An simple example of how to use Tensorflow with Anaconda, Python and GPU on Super Computing Wales.
Note that this example sets up an Anaconda environment which takes around 40,000 files. The default quota on Super Computing Wales is only 100,000 files, please delete or achive some files before running this if you have more than 60,000 files already.
git clone https://github.com/SupercomputingWales/TensorFlow-GPU-Example
cd TensorFlow-GPU-Example
./tensorflow_setup.sh
sbatch TensorFlow-GPU-Example.slurm
This should result in tensorflow_gpu_demo.out.XXXXX and tensorflow_gpu_demo.err.XXXXX (where XXXXX is the job number) files being created. The output file should contain something like:
Extracting /home/a.cos/neuralnet_data/train-labels-idx1-ubyte.gz
Extracting /home/a.cos/neuralnet_data/t10k-images-idx3-ubyte.gz
Extracting /home/a.cos/neuralnet_data/t10k-labels-idx1-ubyte.gz
Epoch: 0001 cost=316.534357009
Epoch: 0002 cost=99.598349252
Epoch: 0003 cost=72.017426792
Epoch: 0004 cost=57.256541054
Epoch: 0005 cost=48.566505551
Epoch: 0006 cost=42.126385042
Epoch: 0007 cost=38.068715960
Epoch: 0008 cost=33.654687686
Epoch: 0009 cost=30.905442436
Epoch: 0010 cost=28.964738740
Epoch: 0011 cost=27.089578144
Epoch: 0012 cost=25.210279087
Epoch: 0013 cost=24.343561058
Epoch: 0014 cost=22.425776573
Epoch: 0015 cost=21.565193366
Optimization Finished!
Accuracy: 0.8936
The error log should contain a line similar to:
Created TensorFlow device (/job:localhost/replica:0/task:0/device:GPU:0 with 14873 MB memory) -> physical GPU (device: 0, name: Tesla V100-PCIE-16GB, pci bus id: 0000:3b:00.0, compute capability: 7.0)
You can also SSH to the node and run the nvidia-smi command.

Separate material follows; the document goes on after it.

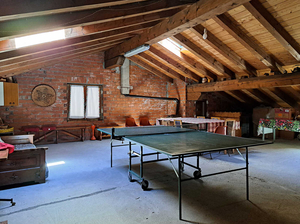 La Salle Les Champ:Chalet da ristrutturare: interni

This can be done in one command with:
ssh $(squeue -u $USER --format=%N | tail -1) nvidia-smi
This should show something like:
+-----------------------------------------------------------------------------+
| NVIDIA-SMI 396.37 Driver Version: 396.37 |
|-------------------------------+----------------------+----------------------+
| GPU Name Persistence-M| Bus-Id Disp.A | Volatile Uncorr. ECC |
| Fan Temp Perf Pwr:Usage/Cap| Memory-Usage | GPU-Util Compute M. |
|===============================+======================+======================|
| 0 Tesla V100-PCIE... On | 00000000:3B:00.0 Off | 0 |
| N/A 36C P0 45W / 250W | 15431MiB / 16160MiB | 30% Default |
+-------------------------------+----------------------+----------------------+
| 1 Tesla V100-PCIE... On | 00000000:D8:00.0 Off | 0 |
| N/A 37C P0 27W / 250W | 0MiB / 16160MiB | 0% Default |
+-------------------------------+----------------------+----------------------+
+-----------------------------------------------------------------------------+
| Processes: GPU Memory |
| GPU PID Type Process name Usage |
|=============================================================================|
| 0 431923 C python 15420MiB |
+-----------------------------------------------------------------------------+
Hawk will not let you submit a single core job to the GPU partition without first running the commmand:
export SCW_TPN_OVERRIDE=1
This shouldn't be required on Sunbird.